(Paris) European stocks ended in the green, following the trend of Wall Street, after a period of uncertainty in the face of slowing inflation in the United States and weak European growth.

In New York, the Dow Jones rose 0.60%, the S

European markets caught up with their dropout at the start of the session, digesting a week marked by corporate results and punctuated on Friday by rather gloomy European GDP publications.

The eurozone narrowly avoided recession as growth plateaued at 0.1% in the first quarter. After the publication of these figures, bond yields on European government debt fell sharply, that of German 10-year debt was worth 2.31% around 11:50 a.m. (Eastern time), compared to 2.46% the previous day. .

Frankfurt ended up 0.77%, London 0.50%, Paris 0.10%, while Milan lost 0.30%.

The PCE index, the inflation indicator most followed by the American central bank, posted a slowdown on Friday to 4.2% year on year, against 5.1% the previous month.

Under particular scrutiny by the markets, core inflation in the United States slowed to 4.6% (vs. 4.7% previously).

This indicator, which excludes the most volatile prices, such as those of energy and food, is considered more reliable by investors for judging the sustainability of the rise in prices in the economy.

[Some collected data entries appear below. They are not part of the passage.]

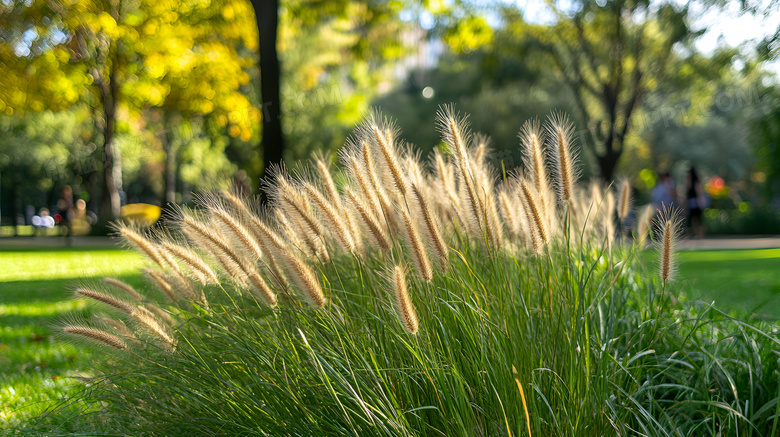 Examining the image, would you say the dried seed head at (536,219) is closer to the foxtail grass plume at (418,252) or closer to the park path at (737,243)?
the foxtail grass plume at (418,252)

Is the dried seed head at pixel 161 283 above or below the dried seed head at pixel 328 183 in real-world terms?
Answer: below

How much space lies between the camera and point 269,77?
23.4ft

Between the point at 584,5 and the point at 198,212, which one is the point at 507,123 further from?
the point at 198,212

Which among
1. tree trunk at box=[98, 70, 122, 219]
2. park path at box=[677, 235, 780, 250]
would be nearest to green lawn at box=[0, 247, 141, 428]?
tree trunk at box=[98, 70, 122, 219]

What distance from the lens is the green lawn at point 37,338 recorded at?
2584 millimetres

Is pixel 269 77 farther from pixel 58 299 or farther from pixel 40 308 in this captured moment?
pixel 40 308

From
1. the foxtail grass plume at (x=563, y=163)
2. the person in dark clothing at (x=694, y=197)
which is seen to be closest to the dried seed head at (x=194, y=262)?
the foxtail grass plume at (x=563, y=163)

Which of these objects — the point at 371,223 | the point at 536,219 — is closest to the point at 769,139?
the point at 536,219

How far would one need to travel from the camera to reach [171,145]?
2642 cm

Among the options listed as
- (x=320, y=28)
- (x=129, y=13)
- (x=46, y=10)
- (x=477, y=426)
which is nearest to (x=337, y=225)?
(x=477, y=426)

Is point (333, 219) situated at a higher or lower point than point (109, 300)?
higher

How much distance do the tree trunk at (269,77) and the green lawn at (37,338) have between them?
2574 mm

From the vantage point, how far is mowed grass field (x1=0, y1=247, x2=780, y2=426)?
264cm

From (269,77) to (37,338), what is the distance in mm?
4143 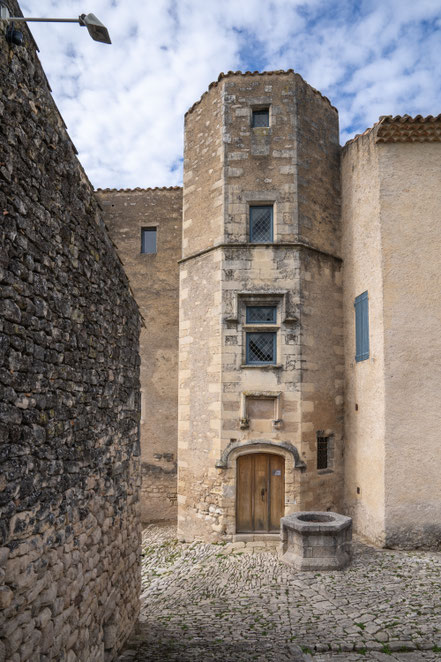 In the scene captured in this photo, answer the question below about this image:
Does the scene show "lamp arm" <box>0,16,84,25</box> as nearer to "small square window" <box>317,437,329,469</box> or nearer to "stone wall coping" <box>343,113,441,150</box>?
"stone wall coping" <box>343,113,441,150</box>

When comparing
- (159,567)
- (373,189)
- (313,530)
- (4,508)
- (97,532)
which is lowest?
(159,567)

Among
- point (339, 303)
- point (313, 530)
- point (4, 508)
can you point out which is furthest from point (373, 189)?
point (4, 508)

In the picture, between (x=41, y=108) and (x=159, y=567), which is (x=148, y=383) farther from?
(x=41, y=108)

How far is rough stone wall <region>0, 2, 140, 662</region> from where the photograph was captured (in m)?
2.92

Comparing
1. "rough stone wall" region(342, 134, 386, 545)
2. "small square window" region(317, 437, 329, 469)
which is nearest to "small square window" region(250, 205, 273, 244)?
"rough stone wall" region(342, 134, 386, 545)

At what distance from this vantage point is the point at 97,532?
441 cm

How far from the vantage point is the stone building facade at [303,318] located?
9.27 meters

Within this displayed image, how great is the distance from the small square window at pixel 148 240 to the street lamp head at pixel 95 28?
10.6m

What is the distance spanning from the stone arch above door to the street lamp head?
318 inches

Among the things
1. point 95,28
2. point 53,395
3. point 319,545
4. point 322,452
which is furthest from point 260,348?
point 95,28

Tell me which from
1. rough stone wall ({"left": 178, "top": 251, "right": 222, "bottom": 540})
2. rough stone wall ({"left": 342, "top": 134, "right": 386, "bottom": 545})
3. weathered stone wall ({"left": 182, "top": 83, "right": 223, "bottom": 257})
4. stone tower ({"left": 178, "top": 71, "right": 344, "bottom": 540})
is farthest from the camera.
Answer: weathered stone wall ({"left": 182, "top": 83, "right": 223, "bottom": 257})

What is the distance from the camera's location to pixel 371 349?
32.0 feet

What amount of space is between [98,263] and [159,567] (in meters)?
6.46

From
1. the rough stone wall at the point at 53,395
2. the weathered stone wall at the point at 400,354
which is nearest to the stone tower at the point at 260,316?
the weathered stone wall at the point at 400,354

While it is “hard to draw positive or negative conclusions” from all the indicators published on Friday, “the market has decided to take the slowdown in inflation” as good news “after a difficult week”, explains Andrea Tuéni, analyst of Saxo Bank, with AFP.

Market moderation is also explained by “the desire not to take risks while waiting” for the meeting of the American central bank, the Fed, scheduled for May 2 and 3.

The markets seem certain that the monetary institution will once again raise its key rate by 0.25 percentage points, but still hope that it will give indications for a more accommodating policy for the coming months.

In the bond market, interest rates on two-year US debt, the most sensitive to monetary policy expectations, fell slightly to 4.05% around 11:50 a.m. at 10 years fell more sharply to 3.44%.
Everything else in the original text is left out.